The respondent prays for orders as follows –
1. That the Court finds that the Claimant herein owes the Respondent outstanding loan amounting Kshs.981,057. 71
2. That the Court orders the Claimant to pay the Respondent as follows;
a. Outstanding loan amounting Kshs.981,057. 71.
b. Interest on (a) above at Court rates.
c. Any other relief that the court may deem just and fit to award the respondent.
Claimant’s Case
It is the claimant’s case that even before his employment was terminated his position was advertised on 18th July 2014, an indication that the respondent had already decided to terminate the claimant’s contract before the issue of deposits into his account arose on 7th August 2014. It is further the claimant’s position that the fraudulent deposits affected many accounts other than his and that other employees were treated differently by the deposits being converted to a loan while in the claimant’s case which was one of the lowest deposits his employment was terminated.

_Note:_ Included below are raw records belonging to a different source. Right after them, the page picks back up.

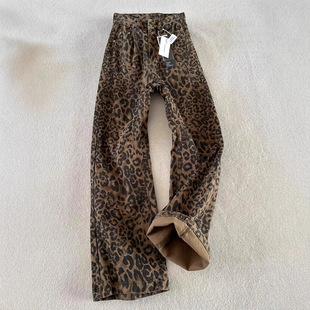 American Style High Street Leopard Print Jeans Men's Spring cleanfit Straight Pants Trendy Brand Vibe Slimming Straight Pants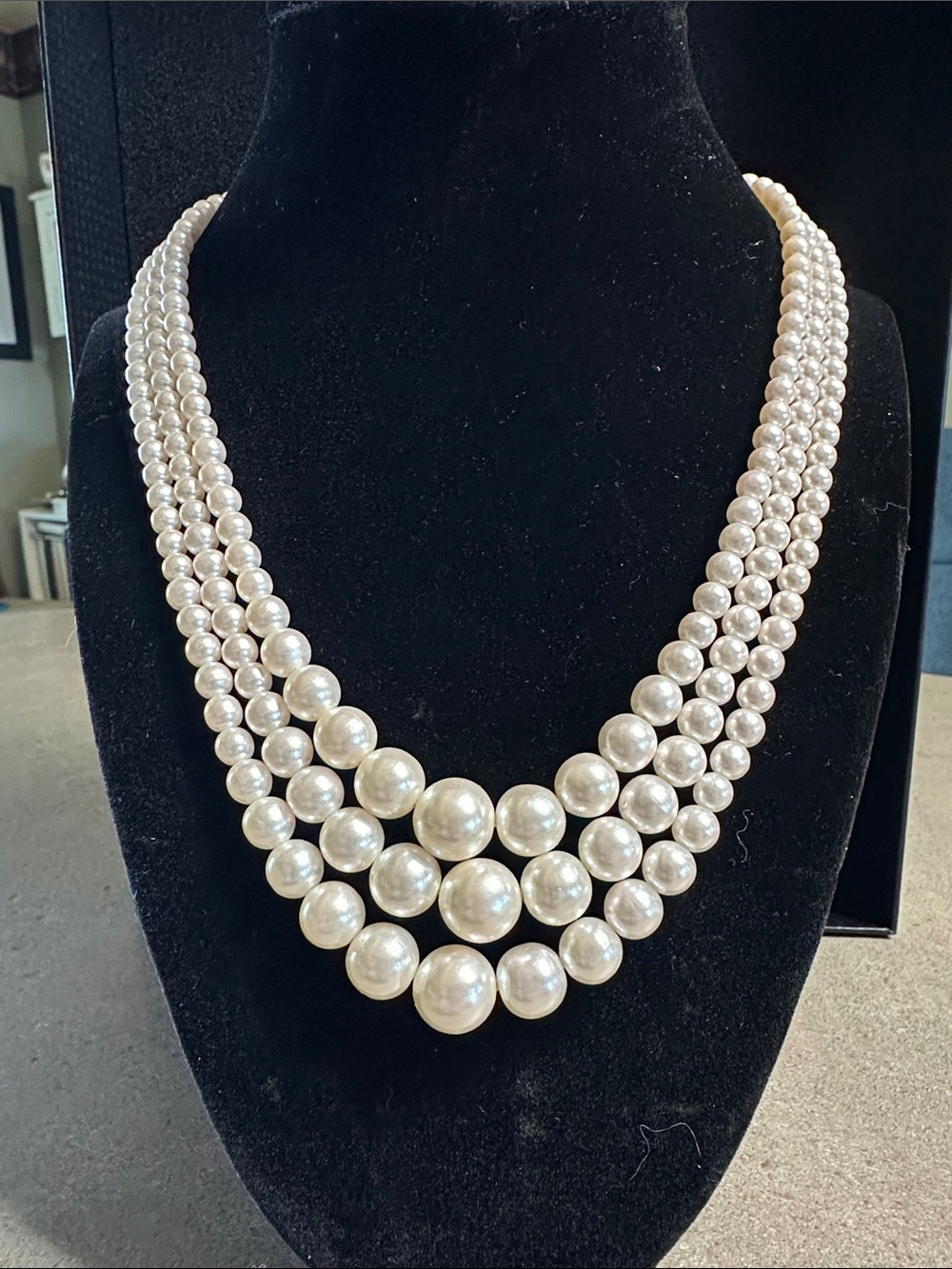 Sarah Coventry Three-Strand Graduated Faux Pearl Necklace
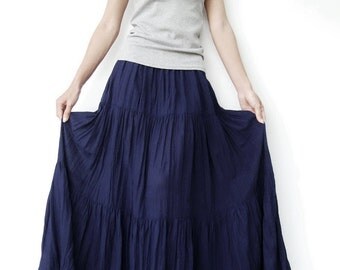 NO.5 Indigo Blue Cotton Gauze, Hippie Gypsy Boho Tiered Long Peasant Skirt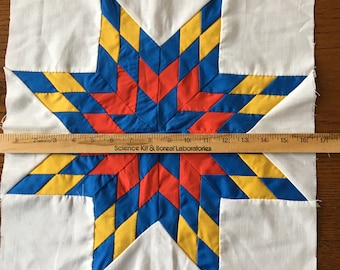 Eight Pointed Star Quilt Blocks 16.25" Red Blue Yellow/Cheddar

It is further the claimant’s position that he is the one who blew the whistle and that after being informed of the fraudulent deposits in his account the claimant wrote to the Acting Chief Executive Officer asking that the deposit be reversed.
It is further the claimant’s submission that the disciplinary process was illegal as the claimant had already moved to court to stop the process and that the letter inviting him for disciplinary hearing did not state the charges against him. The clamant submits that he was invited for a disciplinary hearing on 4th November 2014 but on the morning of the hearing was called and advised that the disciplinary hearing had been postponed.
That the notice to show cause and the letter extending the suspension were written on 5th November 2014. It is submitted that the extension was outside the three months period limited by the SACCO regulations within which disciplinary proceedings must be concluded. It is further submitted that the claimant was invited for disciplinary hearing by sms, which is not a recognised mode of communication.
It is further submitted that there was malice in the termination of the claimant’s employment, that the court made a ruling reversing the suspension of the claimant which was not complied with and that the respondent has been interfering with the claimant’s employment since his leaving service.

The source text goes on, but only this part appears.